Headers-first nodes avoid some of this complexity by always requesting
block headers with the getheaders
message before requesting a block
with the getdata
message. The broadcasting node will send a headers
message containing all the block headers (up to 2,000) it thinks the
downloading node needs to reach the tip of the best header chain; each of
those headers will point to its parent, so when the downloading node
receives the block
message, the block shouldn’t be an orphan
block—all of its parents should be known (even if they haven’t been
validated yet). If, despite this, the block received in the block
message is an orphan block, a headers-first node will discard it immediately.
However, orphan discarding does mean that headers-first nodes will ignore orphan blocks sent by miners in an unsolicited block push.
In order to send a transaction to a peer, an inv
message is sent. If a getdata
response message is received, the transaction is sent using tx
. The peer receiving this transaction also forwards the transaction in the same manner, given that it is a valid transaction.
Full peers may keep track of unconfirmed transactions which are eligible to be included in the next block. This is essential for miners who will actually mine some or all of those transactions, but it’s also useful for any peer who wants to keep track of unconfirmed transactions, such as peers serving unconfirmed transaction information to SPV clients.

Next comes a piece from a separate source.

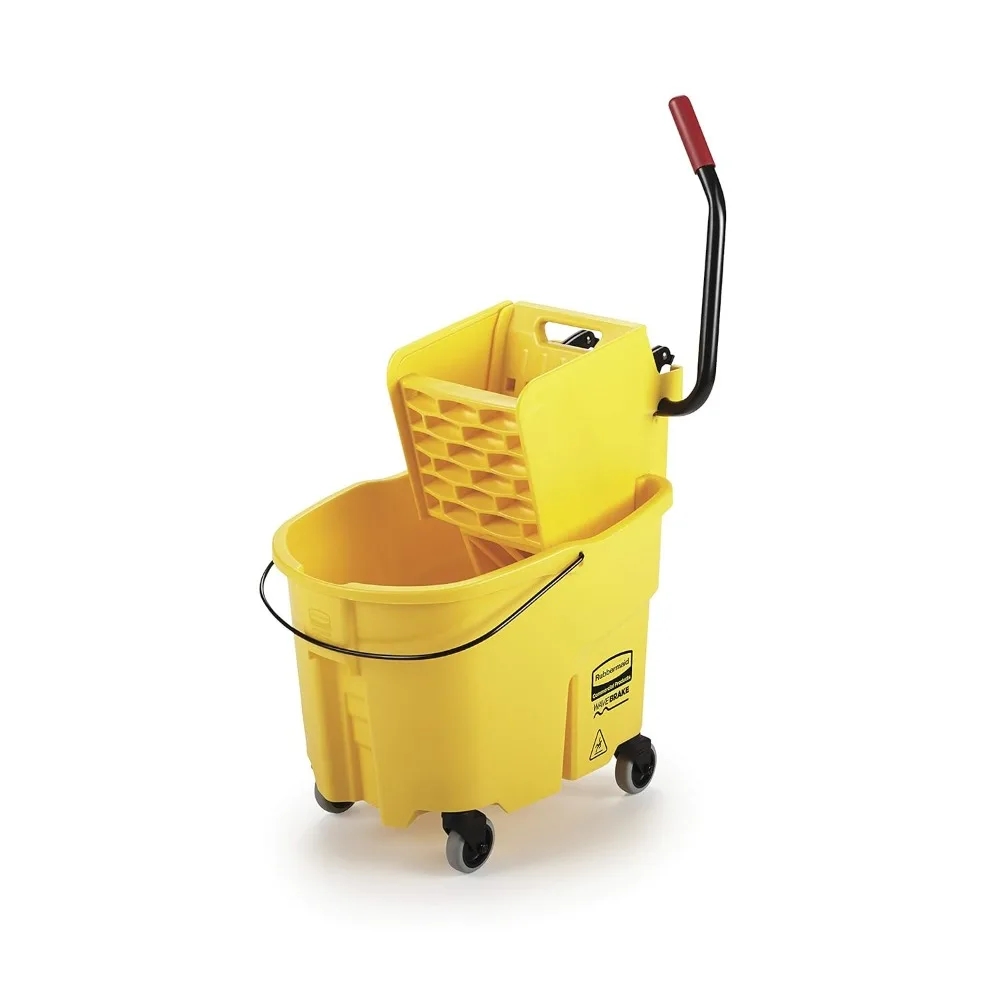 WaveBrake 35 Qt. Side-Press Mop Bucket and Wringer Combo sobre Rodas, Amarelo, Profissional, Industrial, Negócios, HeavyDuty Piso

Because unconfirmed transactions have no permanent status in Bitcoin, Bitcoin Core stores them in non-persistent memory, calling them a memory pool or mempool. When a peer shuts down, its memory pool is lost except for any transactions stored by its wallet. This means that never-mined unconfirmed transactions tend to slowly disappear from the network as peers restart or as they purge some transactions to make room in memory for others.
Transactions which are mined into blocks that later become stale blocks may be added back into the memory pool. These re-added transactions may be re-removed from the pool almost immediately if the replacement blocks include them. This is the case in Bitcoin Core, which removes stale blocks from the chain one by one, starting with the tip (highest block). As each block is removed, its transactions are added back to the memory pool. After all of the stale blocks are removed, the replacement blocks are added to the chain one by one, ending with the new tip. As each block is added, any transactions it confirms are removed from the memory pool.
SPV clients don’t have a memory pool for the same reason they don’t relay transactions. They can’t independently verify that a transaction hasn’t yet been included in a block and that it only spends UTXOs, so they can’t know which transactions are eligible to be included in the next block.
Take note that for both types of broadcasting, mechanisms are in place to punish misbehaving peers who take up bandwidth and computing resources by sending false information. If a peer gets a banscore above the -banscore=<n>
threshold, he will be banned for the number of seconds defined by -bantime=<n>
, which is 86,400 by default (24 hours).
In case of a bug or attack,
the Bitcoin Core developers provide a
Bitcoin alert service with an RSS feed
and users of Bitcoin Core can check the error field of the getinfo
RPC
results to get currently active alerts for their specific version of
Bitcoin Core.
These messages are aggressively broadcast using the alert
message, being sent to each peer upon connect for the duration of the alert.
These messages are signed by a specific ECDSA private key that only a small number of developers control.
Resource: More details about the structure of messages and a complete list of message types can be found in the P2P reference section.